Supplied material
-*-*-

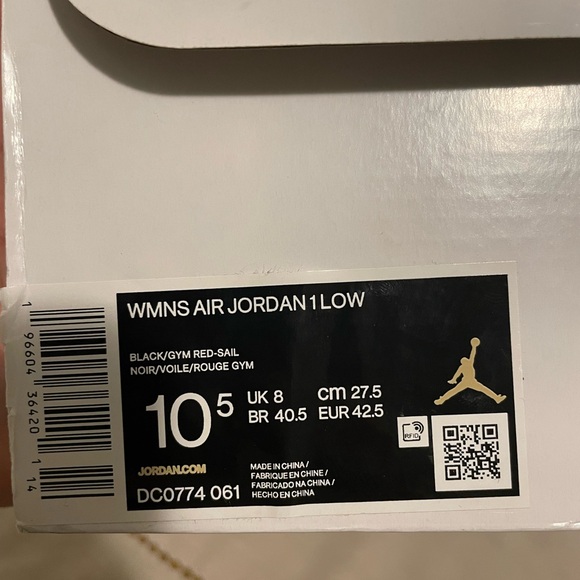 Jordan 1 Low - Picture 3 of 6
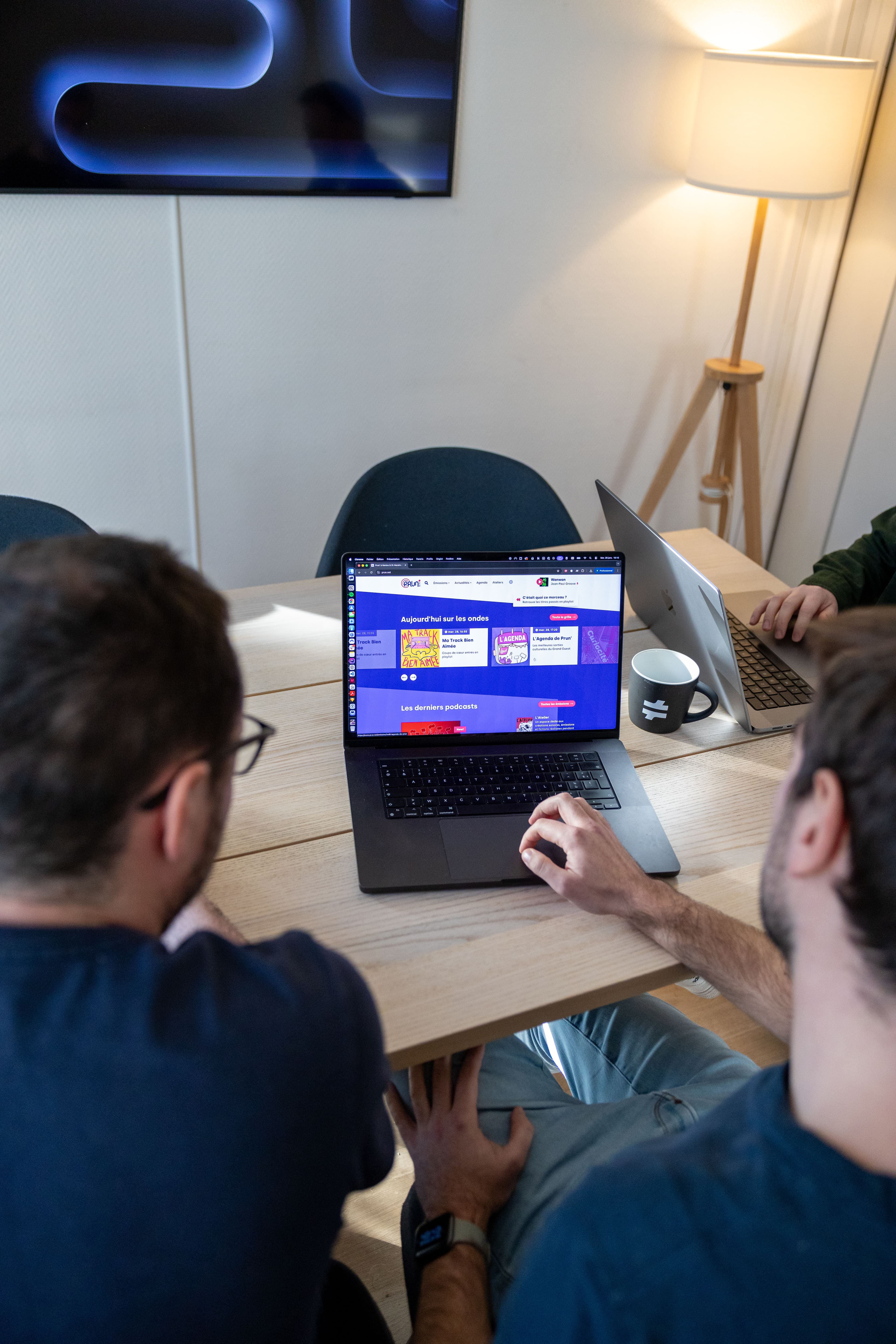 Nous analysons, testons et challengeons vos fondations techniques.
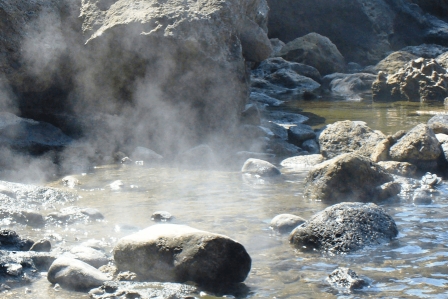 le sorgenti di acqua calda naturali in mare della Baia di Sorgeto a Forio Isola d'ischia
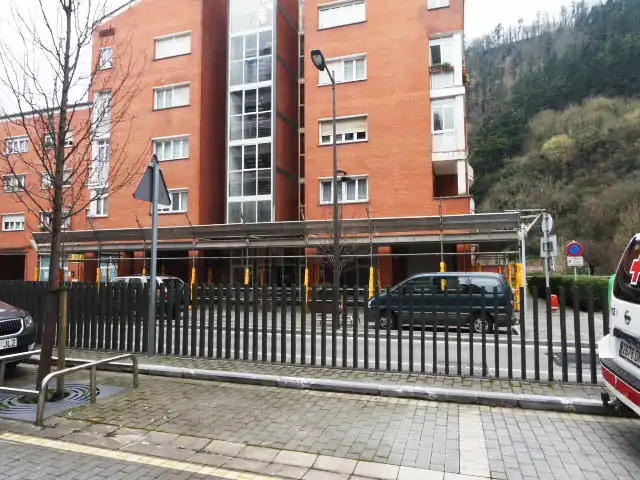 Aparcament de Local en venda en Tolosa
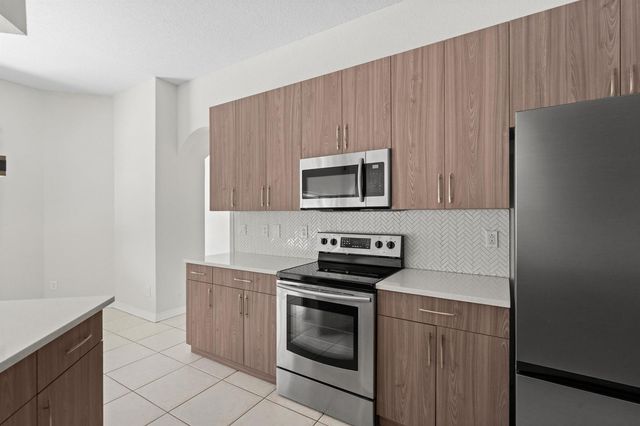 2241 SW Nightingale Terrace, Port St. Lucie, FL 34953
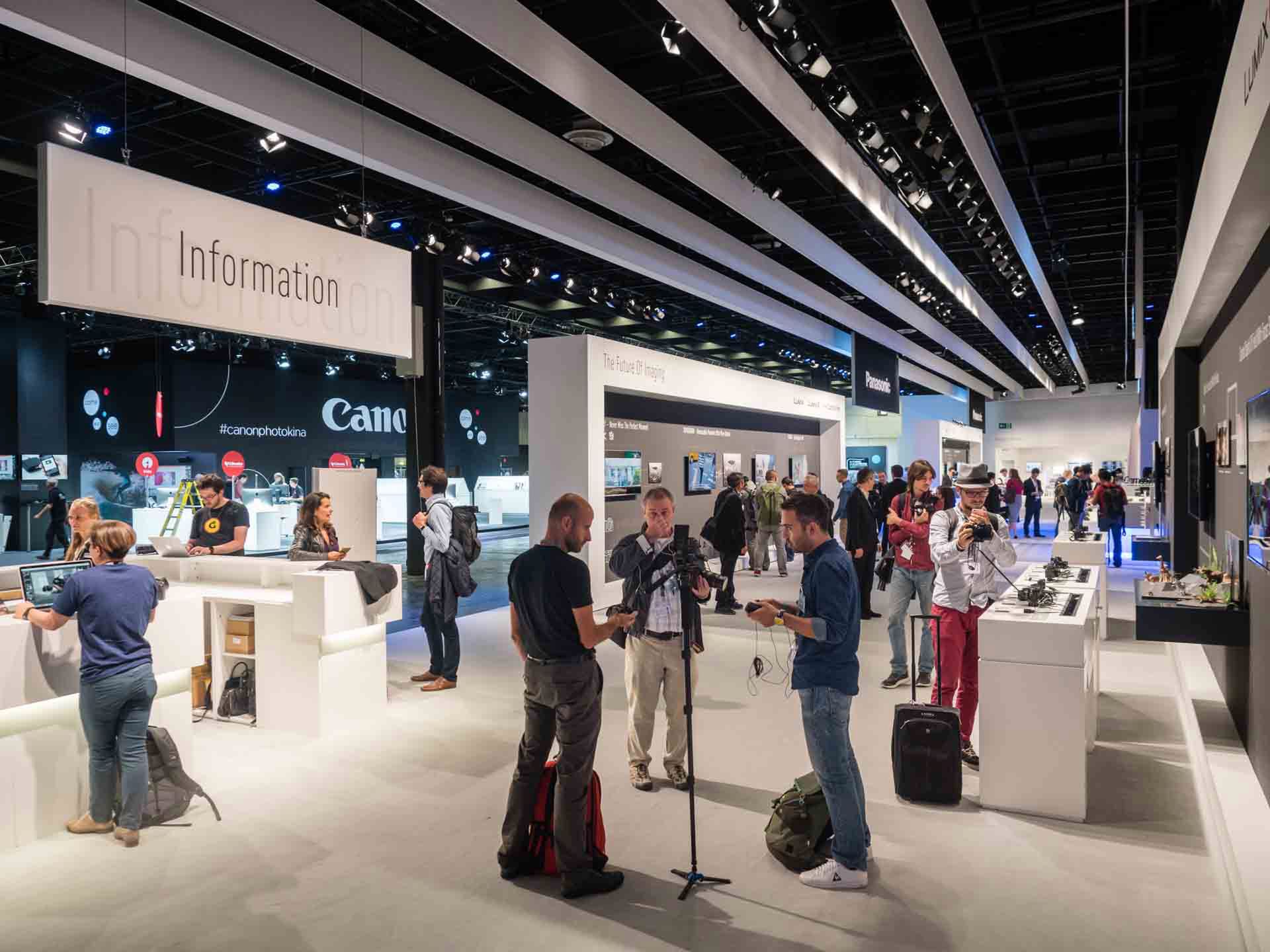 Targi Photokina 2016 pokazały, że branża fotograficzna się nie kończy, a jedynie zmienia na lepsze 36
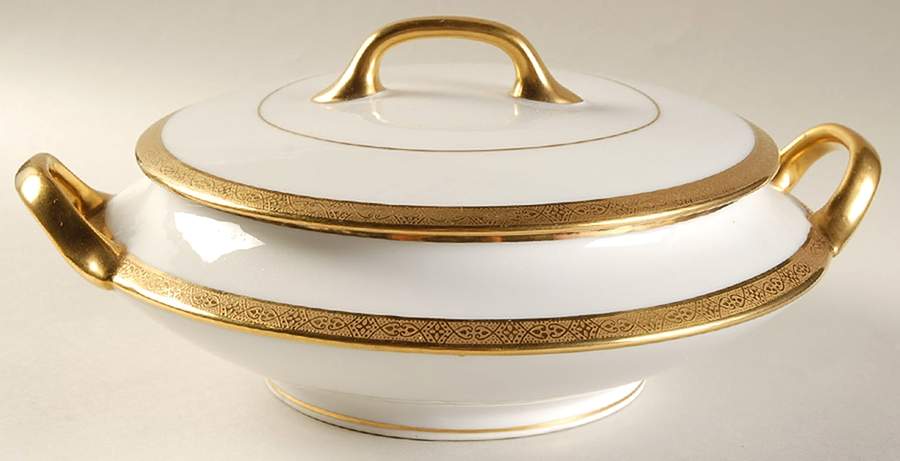 CRG1 Round Covered Vegetable by Henri Creanges-1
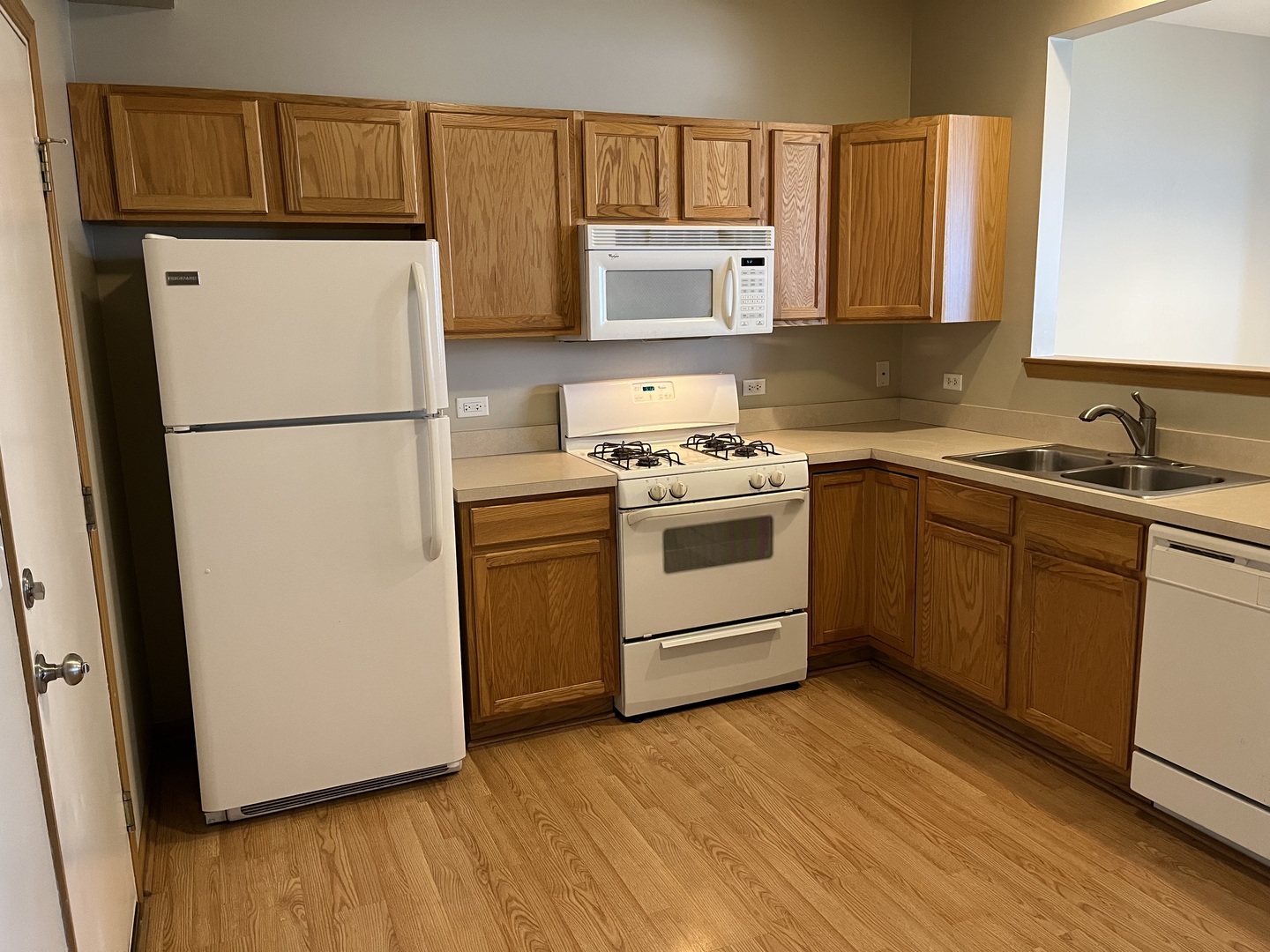 800 County Line Road, Unit 800 Aurora, IL 60502 - Photo 10 of 20
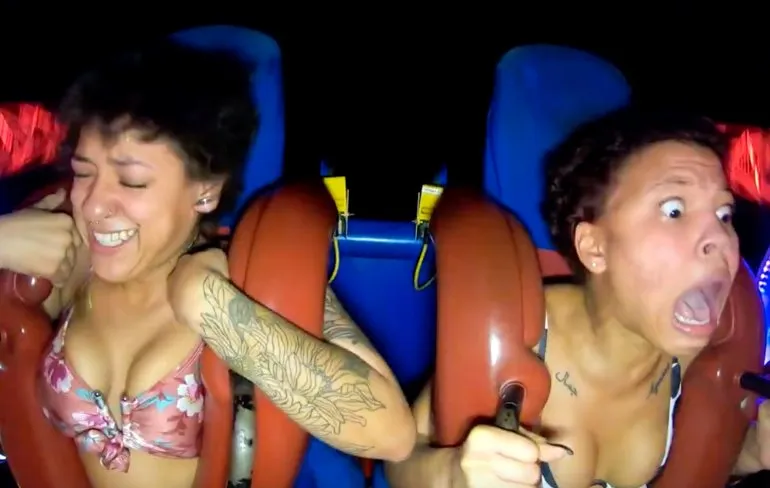 Iets zegt ons dat deze dame niet nogmaals in de SlingShot gaat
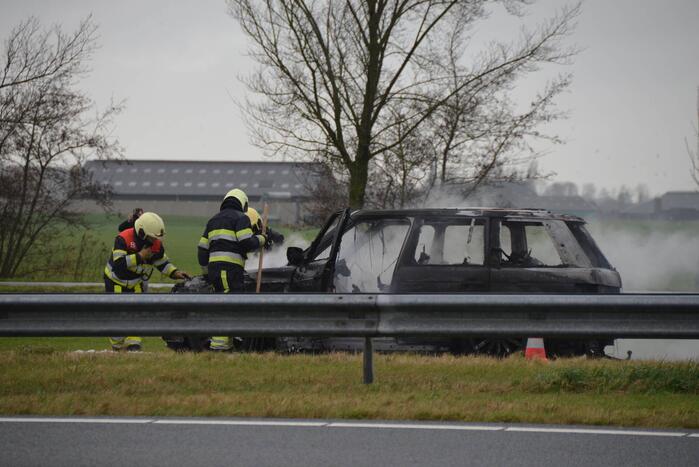 Auto brandt volledig uit op snelweg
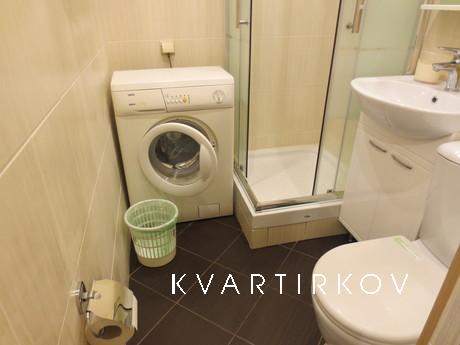 рядом метро , свежий ремонт , 3 кровати, Москва - квартира посуточно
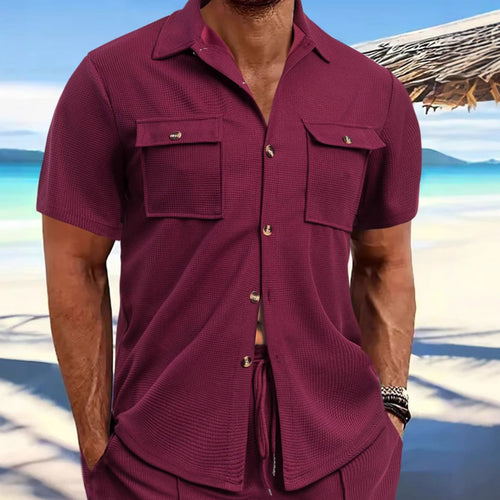 Herren Kurzarm-Hemd mit praktischen Brusttaschen und strukturiertem Design Echoarchiv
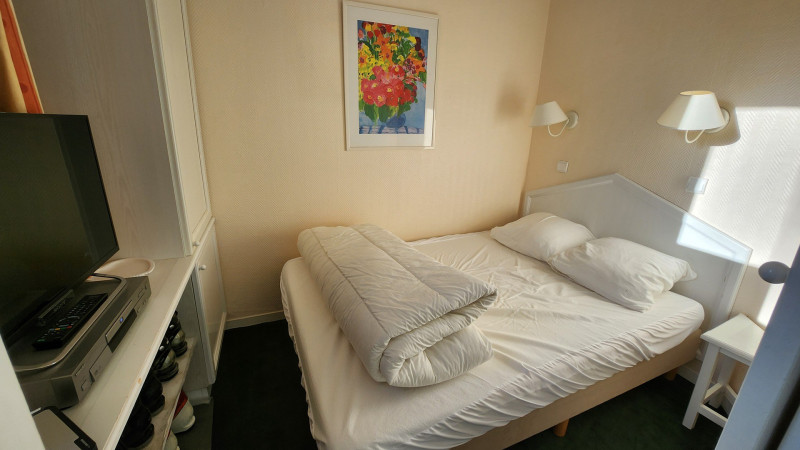 _lv_images__lot_0020392441_05_9523956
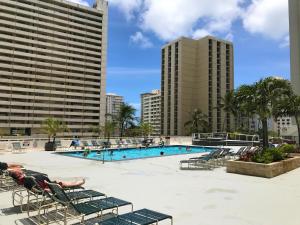 Tropical Retreat Near Waikiki Beach with Parkingの敷地内または近くにあるプール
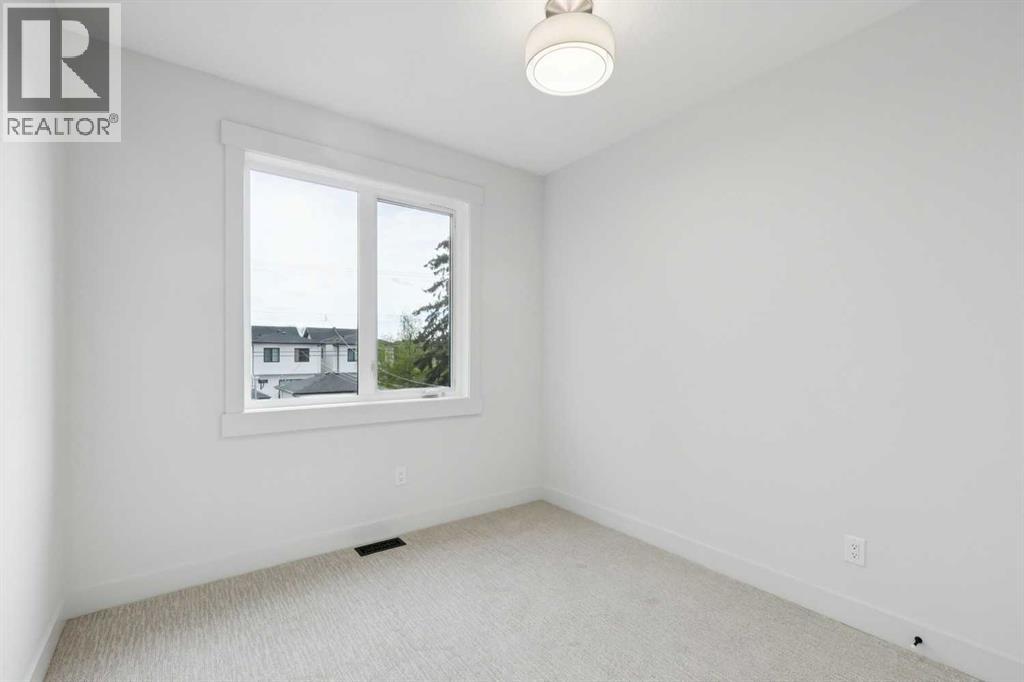 2622 30 Street Sw Property Photo 31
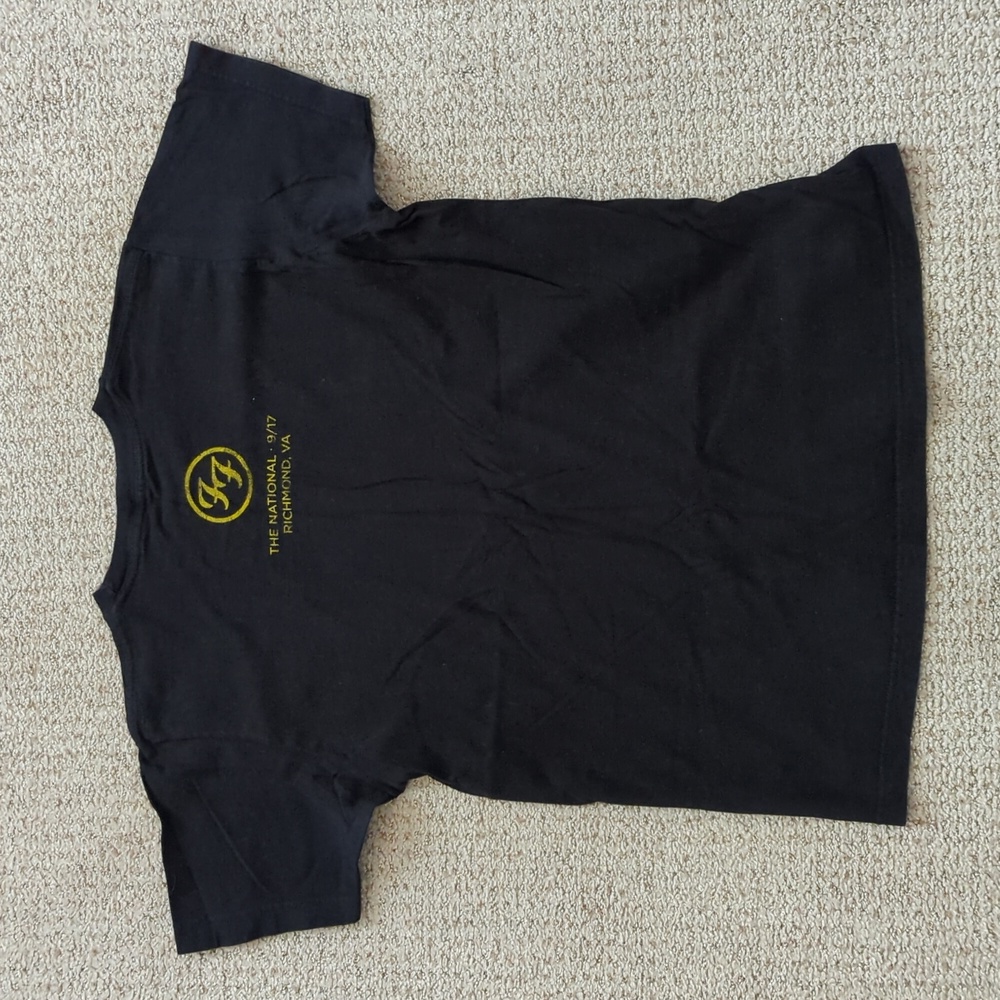 Foo fighters concert shirt - Picture 3 of 3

-*-*-

Work task
Please give again the entries word for word, starting at the first line and ending with the line that contains "2241 SW Nightingale"; include both of those lines but none of the pictures.

Answer box
 Jordan 1 Low - Picture 3 of 6
 Nous analysons, testons et challengeons vos fondations techniques.
 le sorgenti di acqua calda naturali in mare della Baia di Sorgeto a Forio Isola d'ischia
 Aparcament de Local en venda en Tolosa
 2241 SW Nightingale Terrace, Port St. Lucie, FL 34953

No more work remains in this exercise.